------ Provided records ------

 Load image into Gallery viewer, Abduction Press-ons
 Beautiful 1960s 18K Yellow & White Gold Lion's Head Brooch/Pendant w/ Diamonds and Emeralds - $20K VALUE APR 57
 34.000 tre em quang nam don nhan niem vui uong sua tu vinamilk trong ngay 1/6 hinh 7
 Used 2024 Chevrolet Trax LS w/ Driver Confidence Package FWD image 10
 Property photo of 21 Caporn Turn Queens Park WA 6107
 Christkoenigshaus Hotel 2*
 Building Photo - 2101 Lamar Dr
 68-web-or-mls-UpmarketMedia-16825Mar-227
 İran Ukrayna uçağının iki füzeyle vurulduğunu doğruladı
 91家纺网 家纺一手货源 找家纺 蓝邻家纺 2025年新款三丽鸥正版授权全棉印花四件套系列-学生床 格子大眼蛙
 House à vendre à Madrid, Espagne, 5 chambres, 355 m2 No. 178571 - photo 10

------

About this task:
A single number is the answer: how many lines in the records above contain the word "image".

Problem solution:
2